AI Helps Scientists Discover Superbug-Fighting Antibiotic

The use of AI in medical research has opened a whole new world of possibilities. Take for example Google's DeepMind, which announced last year that its AlphaFold AI system had predicted the 3D folding structure of over 200 million proteins, which is nearly the entire catalog of proteins known to science. Another area where AI systems are being deployed extensively is discovering curative drugs that would otherwise take years' worth of hit-and-miss lab tests.

Now, a team of scientists from Canada's McMaster University and MIT has achieved a major breakthrough by using AI to discover a chemical that can eliminate a killer, antibiotic-resistant strain of bacteria called "Acinetobacter baumannii." 

This one is a particularly dangerous pathogen because it is multidrug-resistant, and can survive for long periods on material surfaces such as medical equipment. It can cause infections in the lungs, the urinary tract, and blood, all of which are difficult to treat due to antibiotic resistance, and can lead to a large number of deaths.

As part of the latest research, the team started by testing over 7,000 chemicals on the bacteria to find those that can stop bacterial growth. The molecular detail of the tested compounds was fed into a neural network, alongside details of the specific chemical structures that are harmful to the bacteria for training purposes. Next, the AI model was used to analyze a pool of 6,680 compounds to see if they harbor the chemical structures to fight Acinetobacter baumannii.

AI to the medical rescue

After training a neural network with data about inhibitory activities against the target bacteria, it took the AI roughly an hour and a half to narrow the list down to 240 chemicals that could help. The team started testing these chemicals in lab conditions, shortening the list down to nine. The team eventually zeroed in on an antibacterial compound called "Abaucin," which limits crucial protein activity, and can also control how Acinetobacter baumannii worsens wounds.

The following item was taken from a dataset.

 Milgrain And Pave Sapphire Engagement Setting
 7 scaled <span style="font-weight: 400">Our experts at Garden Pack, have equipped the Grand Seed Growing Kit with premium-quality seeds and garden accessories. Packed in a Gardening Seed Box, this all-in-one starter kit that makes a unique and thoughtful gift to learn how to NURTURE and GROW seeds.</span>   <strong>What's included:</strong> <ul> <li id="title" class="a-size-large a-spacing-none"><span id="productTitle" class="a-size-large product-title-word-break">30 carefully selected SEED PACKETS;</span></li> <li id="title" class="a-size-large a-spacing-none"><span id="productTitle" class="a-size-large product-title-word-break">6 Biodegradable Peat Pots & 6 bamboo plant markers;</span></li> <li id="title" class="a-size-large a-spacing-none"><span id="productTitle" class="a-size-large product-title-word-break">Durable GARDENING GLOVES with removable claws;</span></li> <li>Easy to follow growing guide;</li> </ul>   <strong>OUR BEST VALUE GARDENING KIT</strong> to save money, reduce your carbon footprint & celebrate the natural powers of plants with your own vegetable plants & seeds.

Abaucin is said to be "extremely effective at killing A. baumannii but had no effect on other species of bacteria." The latter capability — known as "narrow spectrum" in the science community — is desirable because it means the drug won't hurt other beneficial bacteria, and won't transfer the drug resistance to other harmful bacteria. Tests conducted on mice demonstrated that Abaucin can actually work against multiple strains of drug-resistant A. baumannii bacteria.

The team is now working on modifications so that Abaucin can be tested on human patients. Plus, work is also underway on using AI to discover chemicals that can go against other well-known drug-resistance species such as Pseudomonas aeruginosa and Staphylococcus aureus. 

The World Health Organization classifies antibiotic resistance as "one of the biggest threats to global health, food security, and development today." Worryingly, the problem is picking up pace, leading to more deaths and increased medical costs. Experts say AI can help here by reducing the cost, time, and research efforts needed for drug discovery.